Databricks Asset Bundles was originally built on top of the Databricks Terraform provider to manage deployments. However, in an effort to move away from this dependency, Databricks CLI version 0.279.0 and above supports two different deployment engines: terraform and direct. The direct deployment engine does not depend on Terraform and will soon become the default. The Terraform deployment engine will eventually be deprecated.

What are the advantages of direct deployment?

The new direct deployment engine uses the Databricks Go SDK and provides the following benefits:

  • No requirement to download Terraform and terraform-provider-databricks before deployment
  • Avoids issues with firewalls, proxies, and custom provider registries
  • Detailed diffs of changes available using bundle plan -o json
  • Faster deployment
  • Reduced time to release new bundle resources, because there is no need to align with the Terraform provider release

How do I start using direct deployment?

To start using the new direct deployment engine:

  • For existing bundles, migrate them using databricks bundle deployment migrate.
  • For new bundles, deploy them with the DATABRICKS_BUNDLE_ENGINE environment variable set to direct.

Migrate an existing bundle

The direct deployment engine uses its own JSON state file. The schema is different than the Terraform JSON state file. The bundle deployment migrate command converts the Terrform state file (terraform.tfstate) to the direct deployment state file (resources.json). The command reads IDs from the existing deployment.

  1. Perform a full deployment with Terraform:

    Bash
    databricks bundle deploy -t my_target
  2. Migrate the deployment:

    Bash
    databricks bundle deployment migrate -t my_target
  3. Verify that the migration was successful. The databricks bundle plan command should succeed and it should show no changes.

    Bash
    databricks bundle plan -t my_target
    • If the verification failed, remove the new state file:

      Bash
      rm .databricks/bundle/my_target/resources.json
    • If the verification succeeded, deploy the bundle to synchronize the state file to the workspace:

      Bash
      databricks bundle deploy -t my_target

Direct deploy a new bundle

The bundle migrate command does not work on bundles that have never been deployed because there is no state file. Instead, set the DATABRICKS_BUNDLE_ENGINE environment variable and deploy:

Bash
DATABRICKS_BUNDLE_ENGINE=direct databricks bundle deploy -t my_target

What are the changes in the direct deployment engine?
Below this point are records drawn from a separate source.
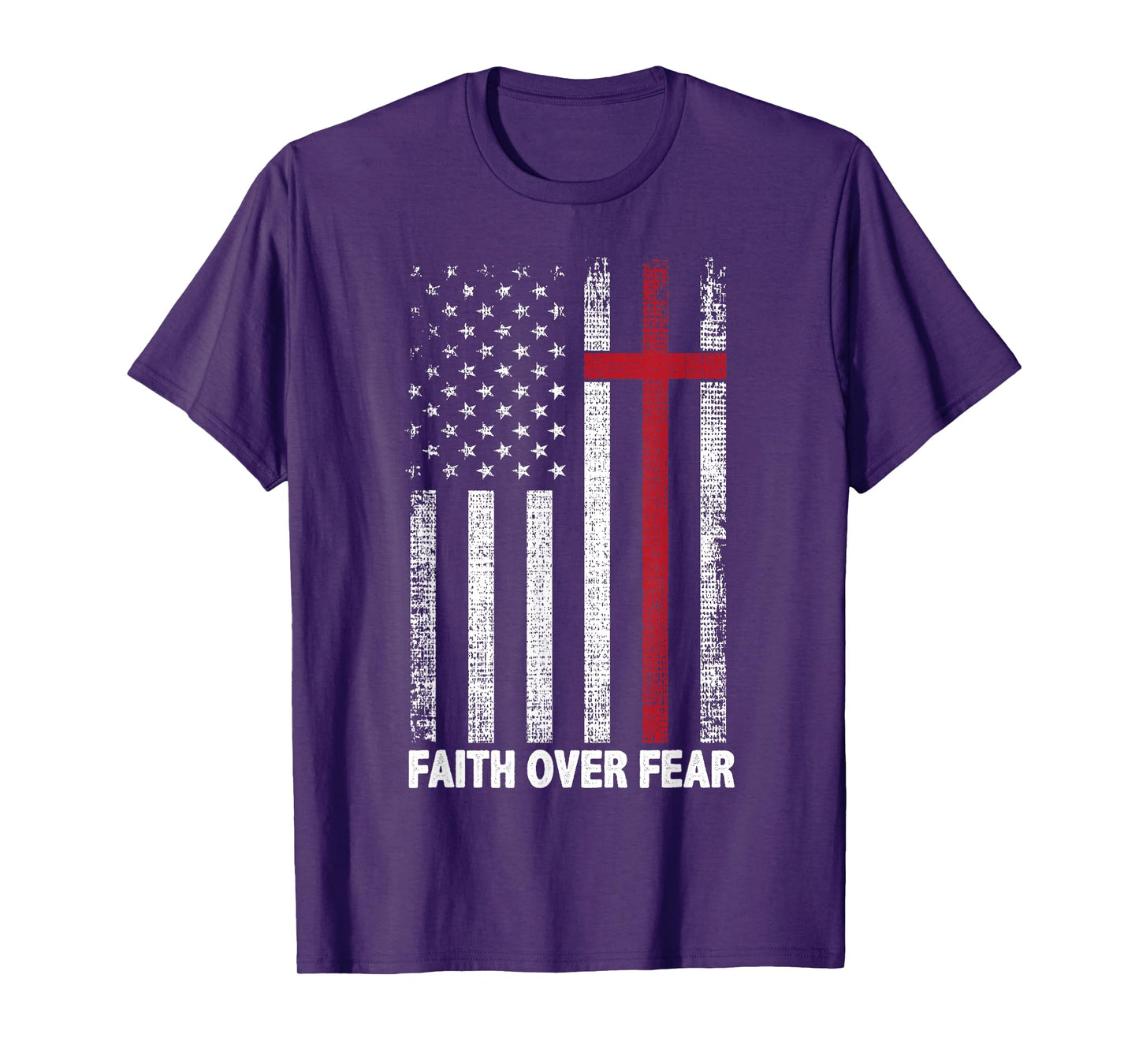 Faith Over Fear Patriotic Christian Cross American Flag Women Girls Kids Men T-Shirt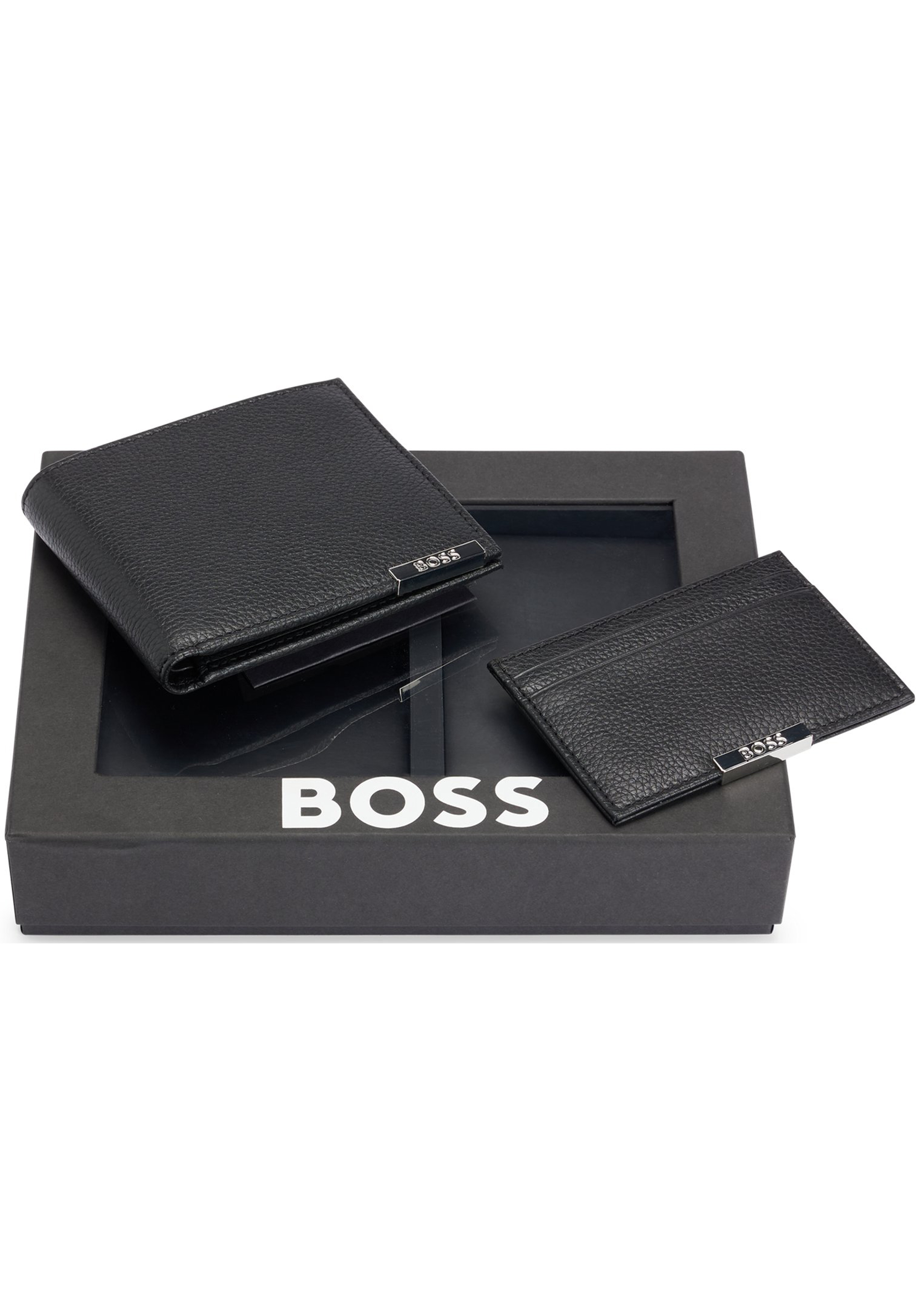 HUGO BOSS leren portefeuille cadeauset, heren portemonnee en kaarthouder in geschenkverpakking, zwart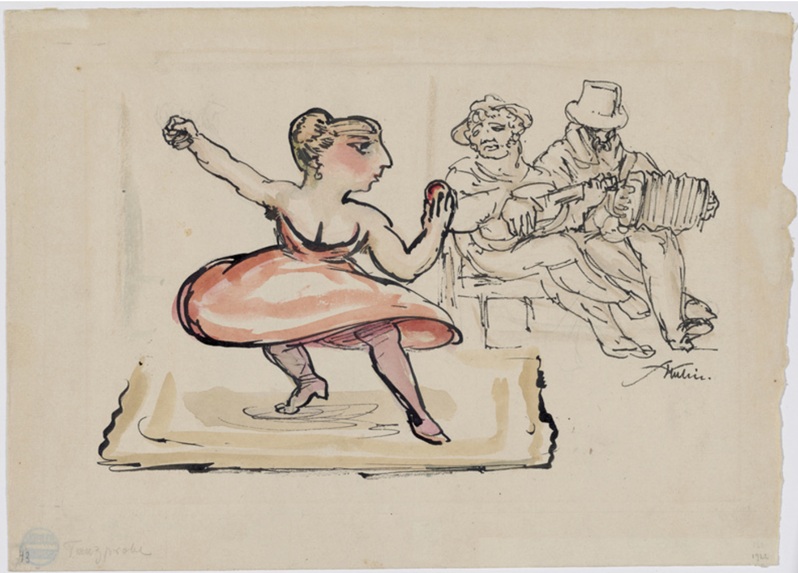 Dancer in a pink dress spins on a small stage while two seated musicians accompany, one with a string instrument and the other on an accordion.
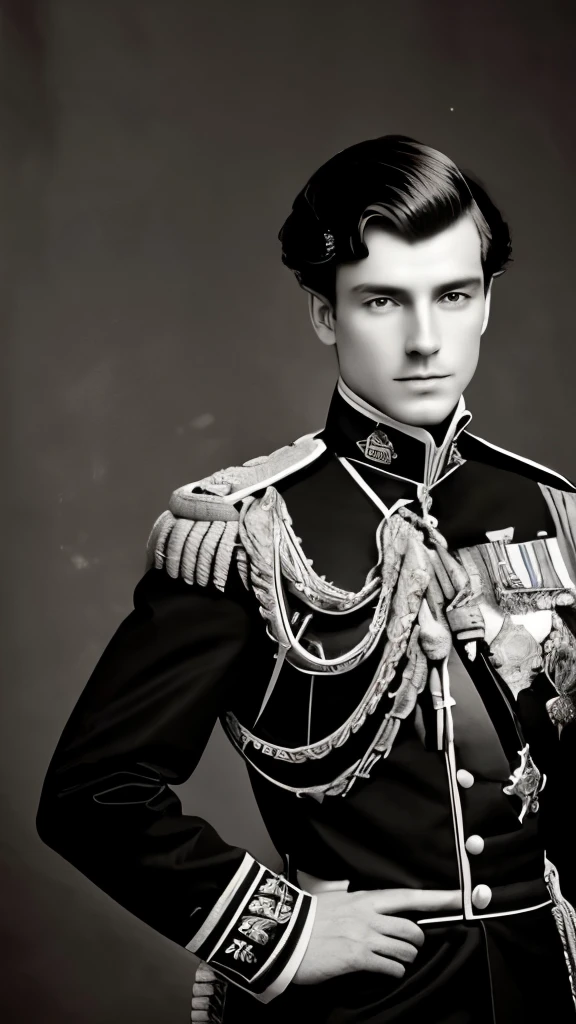 a black and white photo of a man in uniform with a horse, portrait of a victorian era duke, portrait of a victorian duke, author unknown, beautiful androgynous prince, delicate androgynous prince, inspired by Prince Hoare, majesty in noble clothes, john singer sargant, in full military garb, inspired by Alfred Leslie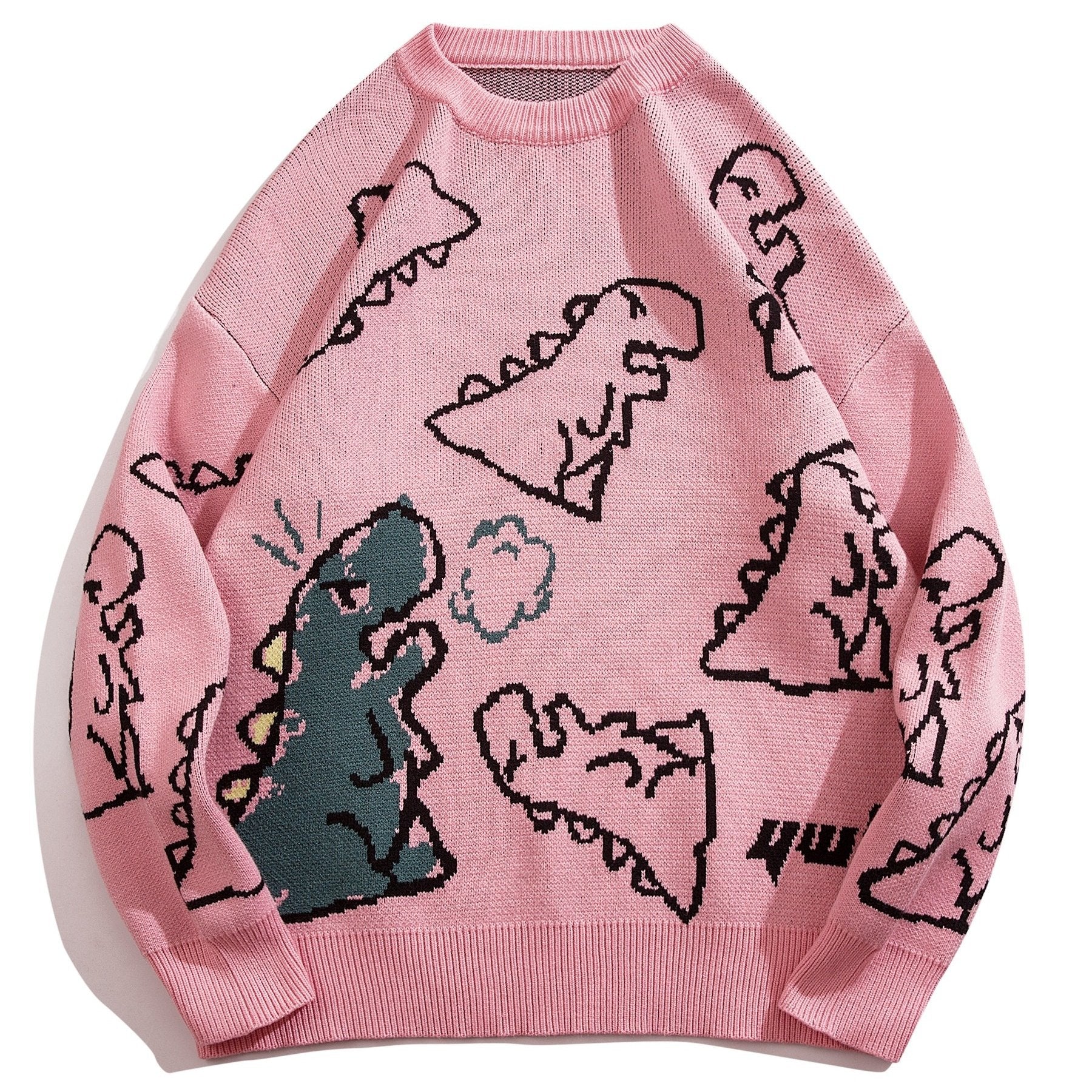 Gestrickter Pullover mit Cartoon Dinosaurier Muster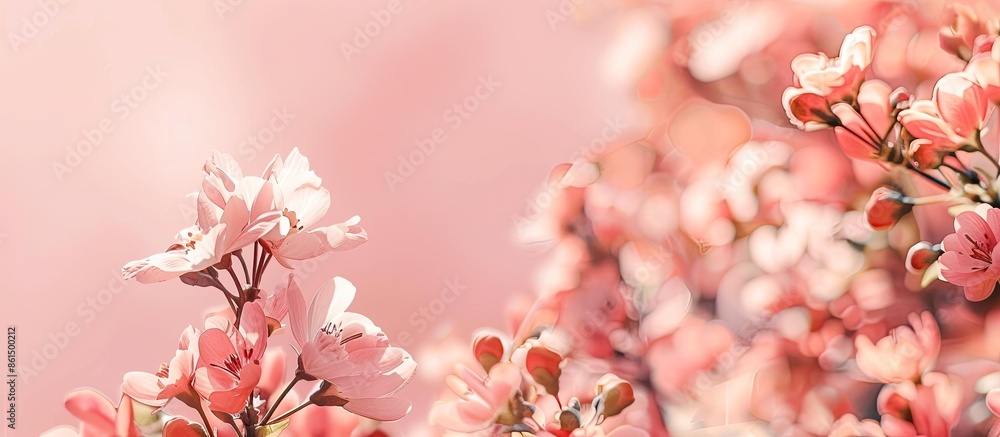 Poster a pink background featuring spring flowers with a lot of space for adding text or other images (copy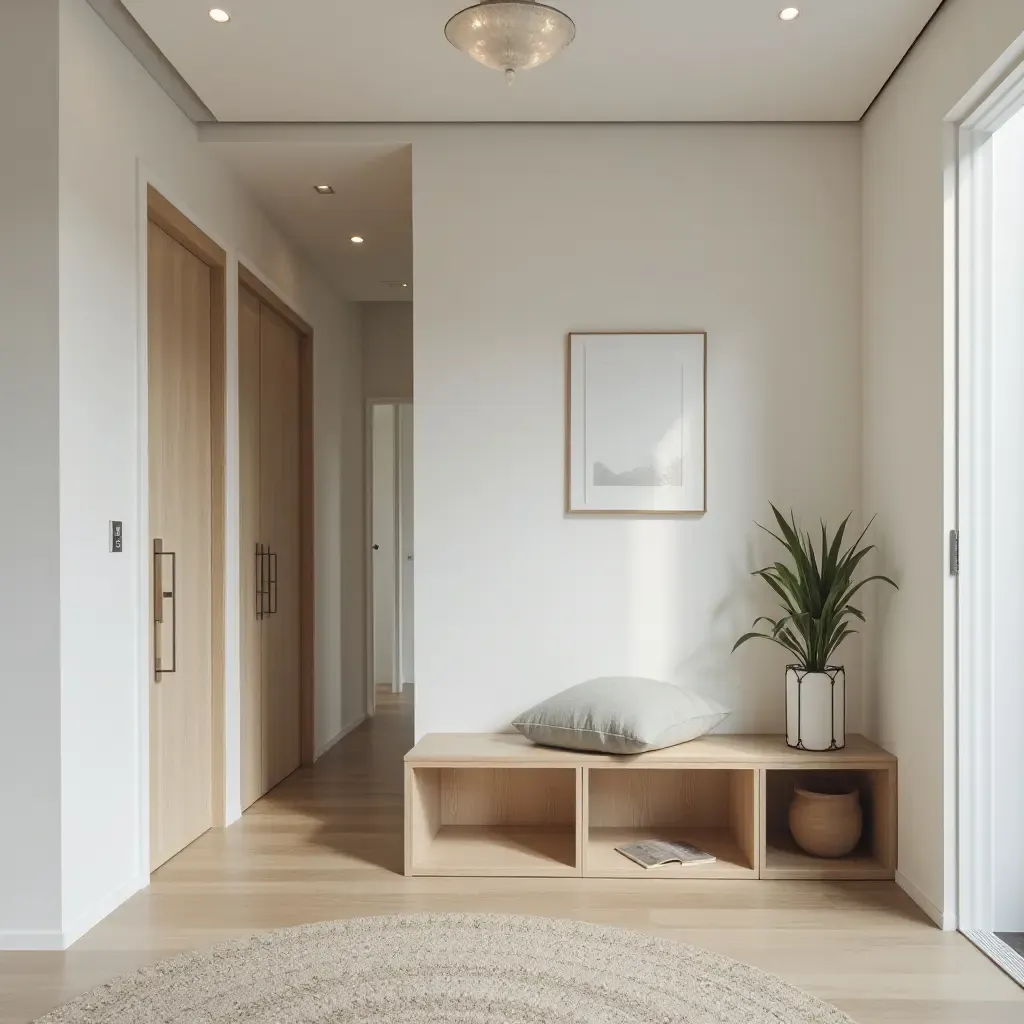 a photo of an entrance hall with a hidden storage bench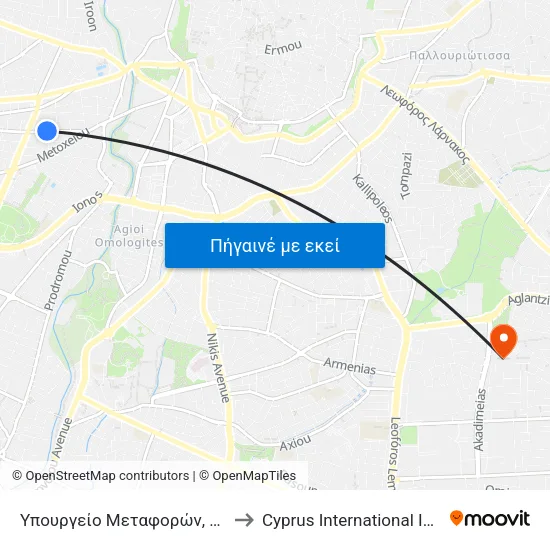 Υπουργείο Μεταφορών, Επικοινωνιών Και Έργων 2 to Cyprus International Institute Of Management map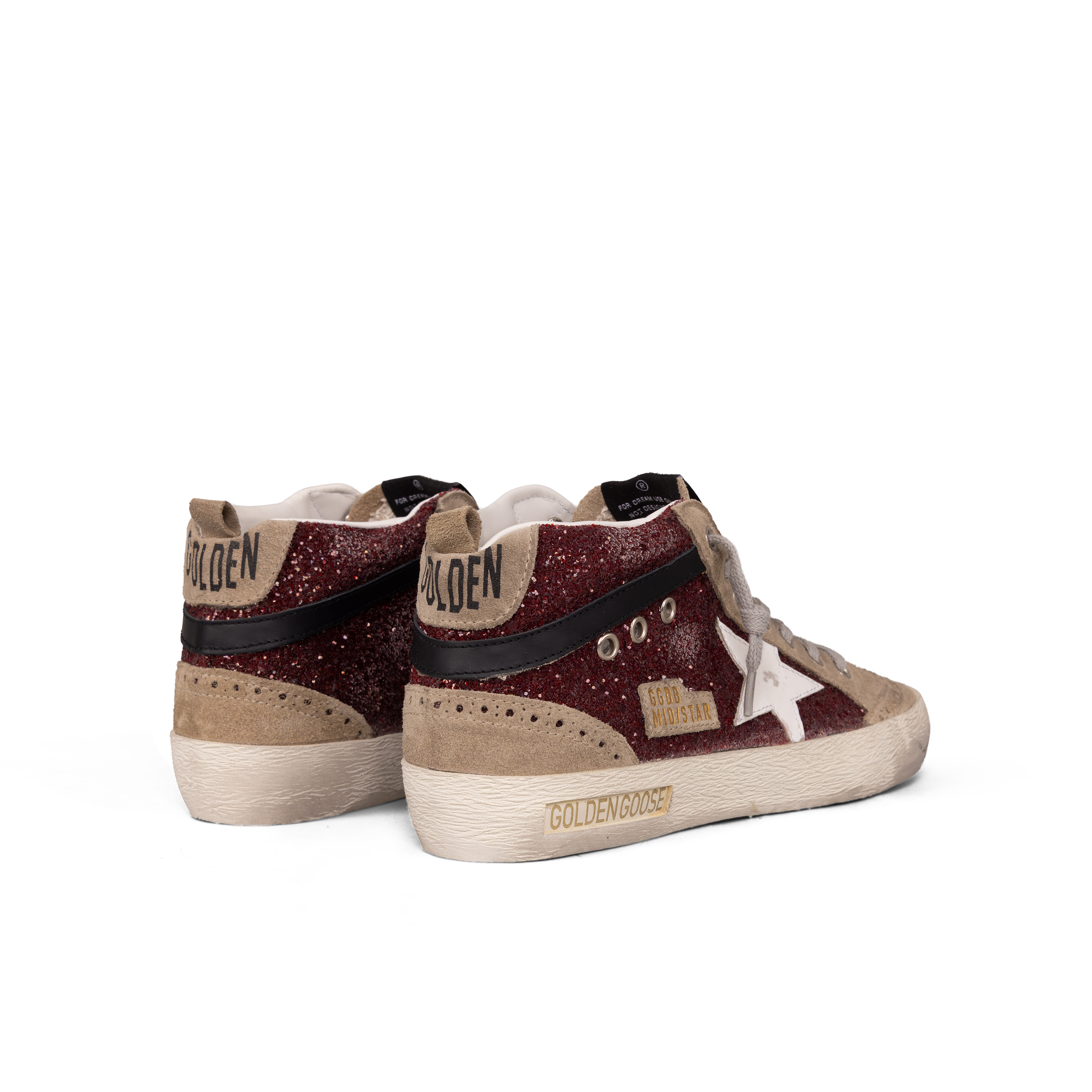 Sneakers Bordeaux Golden Goose Mid Star Glitter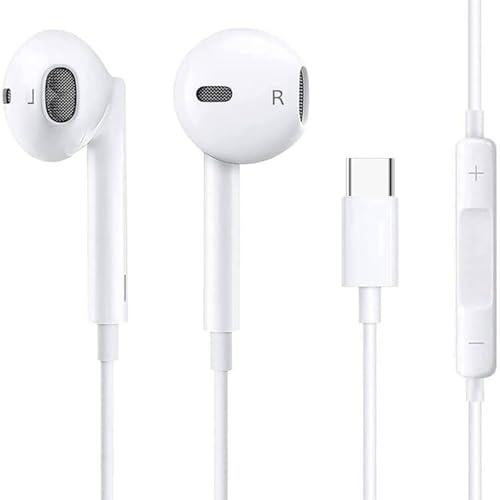 Cuffie USB C per iPhone 17/16/16e/15 Pro Max/Plus, auricolari di tipo C con cavo (microfono e telecomando) con cancellazione del rumore per lPad Pro, Galaxy S23/S22/S21/S20/Ultra Note10/20, Pixel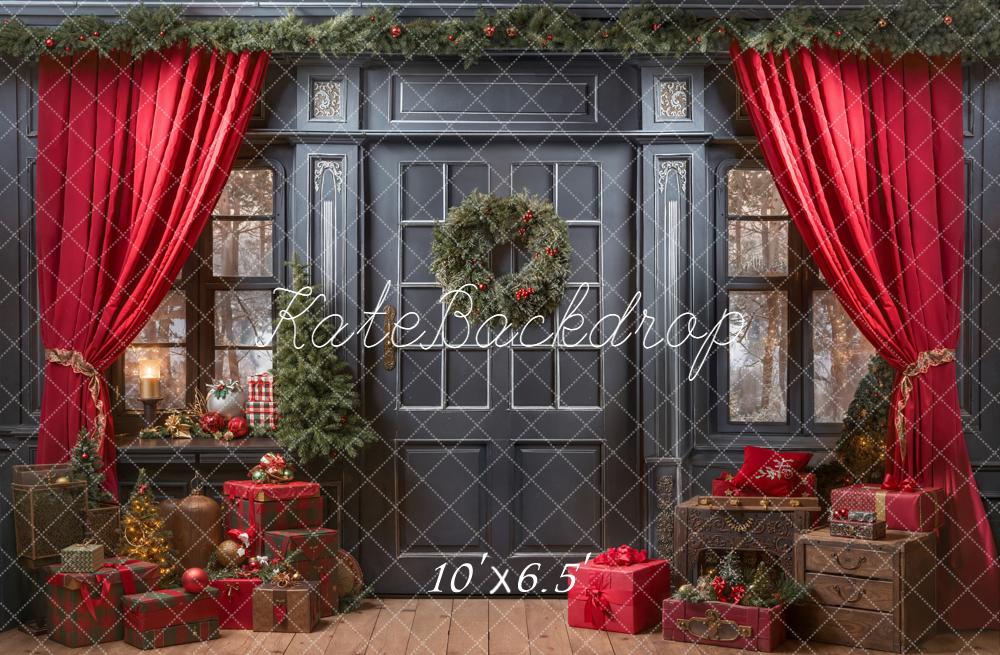 Kate Christmas Red Curtains Wreath Gifts Backdrop Designed by Emetselch - Image 4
The new direct deployment engine mostly behaves the same as the Terrform deployment engine, but there are some differences.

Resource state diff calculation

Unlike Terraform which maintains a single resource state (a mix of local configuration and remote state), the new engine keeps these separate and only records local configuration in its state file.

The resources state diff calculation is done in two steps:

  1. The local bundle configuration is compared to the snapshot configuration used for the most recent deployment. The remote state plays no role.
  2. The remote state is compared to the snapshot configuration used for the most recent deployment.

The result is that:

  • databricks.yml resource changes are never ignored and will always trigger an update.
  • Resource fields not handled by the implementation do not trigger an inconsistent result error. These resources are deployed successfully by the direct engine, but this can result in a drift. The deployed resources are updated during the next plan or deploy.

$resources substitution lookup

The most common use of $resources is resolving substitution IDs (for example, $resources.jobs.my_job.id) which behaves identically between the Terraform and direct deployment engines.

However, the resolution of the $resources substitution in the direct deployment engine (for example, $resources.pipelines.my_pipeline.name) is performed in two steps:

  1. References pointing to fields that are present in the local config are resolved to the value provided in the local config.
  2. References that are not present in the local config are resolved from the remote state. This is the state fetched using the appropriate GET request for a given resource.

The schema that is used for $resource resolution is available in the file out.fields.txt. The fields marked as ALL and STATE can be used for local resolution. The fields marked as ALL or REMOTE can be used for remote resolution.